Levanto da cama em um impulso e coloco a mão sobre o peito, onde meu coração bate forte. Há alguns anos, uma pessoa foi introduzida ao meu pesadelo. Um homem de pele clara, cabelos longos castanhos; seu rosto permanece um mistério até hoje. Quando as criaturas estranhas ameaçam me pegar, ele surge em meio ao breu e me leva dali. De mãos dadas, nós fugimos. No entanto, a fuga dura pouco tempo; de alguma forma, aqueles seres horrorosos nos encontram e nos jogam nas chamas ardentes. Nós queimamos, abraçados. É triste e reconfortante ao mesmo tempo.

- Pirralho, acorde ou vai se atrasar! - Ouço a voz do meu irmão através da porta. Encaro o relógio sobre a cômoda e vejo que já passa das sete. Tenho menos de uma hora para me arrumar, tomar café e correr até a universidade para dar início ao meu primeiro dia de aula.

Jogo os pés para fora da cama e, pegando minha toalha no caminho, entro no banheiro. Vou tirando o pijama enquanto coloco a pasta na escova, tamanha é a minha pressa. Não quero causar uma má impressão para os meus professores, tampouco para o meu mentor. Todo aluno novo recebe orientações de um aluno do último ano; o mais velho torna-se responsável pelo mais novo. Estou ansioso para conhecer o meu. Meu irmão, Apo, casou-se com o seu mentor. Não é como se eu estivesse atrás de um romance universitário como os que vejo nas séries que assisto, mas seria legal finalmente ter alguém. Em vinte e um anos de vida, nunca tive sequer uma paixonite. Durante um tempo, me considerei assexual, mas pensando melhor, desconsiderei; acho que seria uma vergonha para essa parte da comunidade.

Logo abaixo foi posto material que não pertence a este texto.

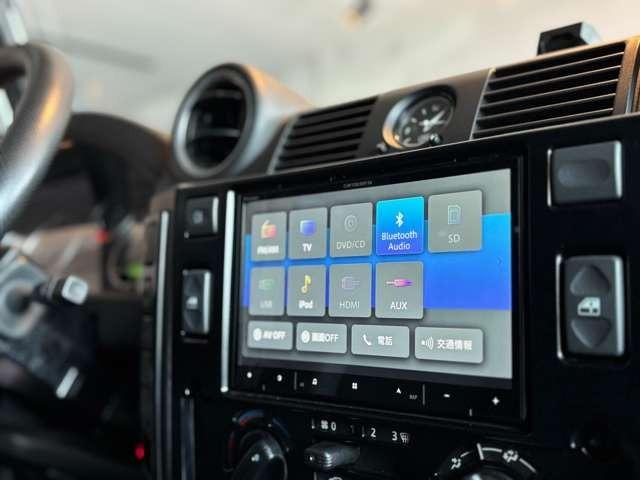 ディフェンダー 110SE 2.4TDCi 左ハンドル  純正アルミホイール シートヒーター(フロント) パワーウインドウ(フロント) カロッツェリアRL720 バックカメラ ETC 取説 記録簿 スペアキー(28枚目)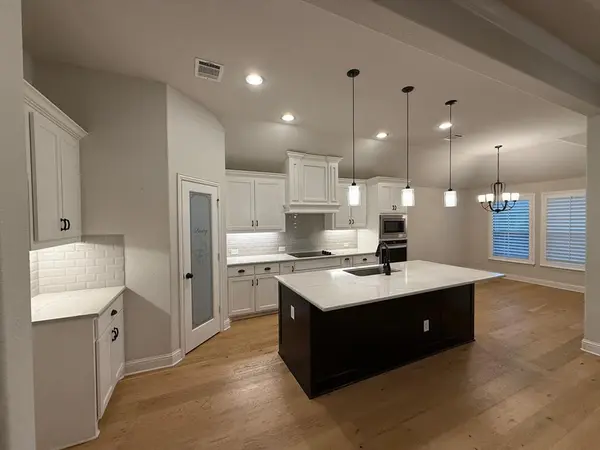 541 Molly Lane, Keene, TX 76059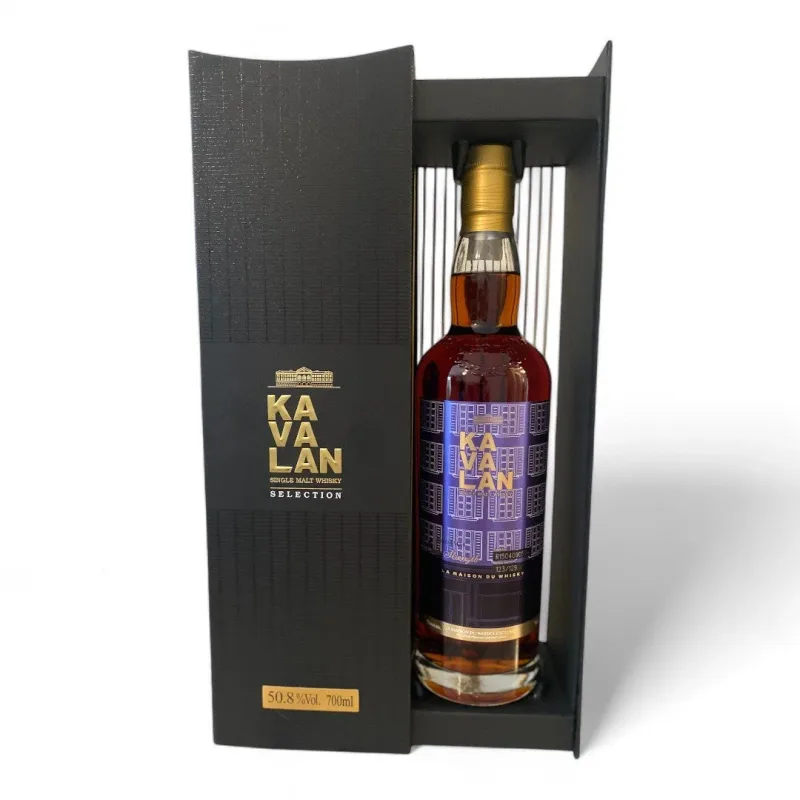 Kavalan – Peated Malt Single Cask for La Maison Du Whisky (2024) (70cl, 50.8%)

- Barcode! - Apo esmurra a porta e eu reviro os olhos. Só porque o marido dele é ricaço, ele acha que pode quebrar qualquer coisa em meu apartamento e o idiota que limpa as lágrimas com dinheiro vai pagar.

- Estou indo! - Grito, desligando o chuveiro.

- Seu maldito pirralho, eu vou levá-lo para o campus. Se apresse, ou eu vou me atrasar para o meu trabalho.

Reviro os olhos novamente; é um hábito desde que fui adotado pela família Nattawin. Minha relação com Apo quando crianças não foi das melhores. Ele era o filho único mimado pelos pais, então de repente, ele ganhou um irmão mais novo. Eu entendia sua revolta, de certa forma; quem iria querer um estranho na família? Mas as coisas mudaram quando passei a ter esses pesadelos estranhos, porque Apo também começou a tê-los. Enquanto eu sou perseguido e queimado vivo, Apo se vê correndo atrás de alguém e esse alguém é engolido por chamas. Quando nos sentamos e começamos a conversar sobre isso, entramos em um acordo de que esses sonhos estranhos poderiam significar alguma coisa e, desde então, somos inseparáveis.

Apo atualmente mora com o marido em uma mansão em um dos condomínios mais luxuosos da cidade enquanto eu vivo no subúrbio, em um apartamento que mal cabe três pessoas, tudo isso porque quero conquistar as coisas por mérito próprio.

Meu irmão veio dormir aqui ontem porque brigou com o marido. Não sei como Mile não bateu na porta de madrugada, ele é do tipo que beija o chão por onde seu companheiro passa e eu estaria mentindo se dissesse que não tenho inveja de Apo.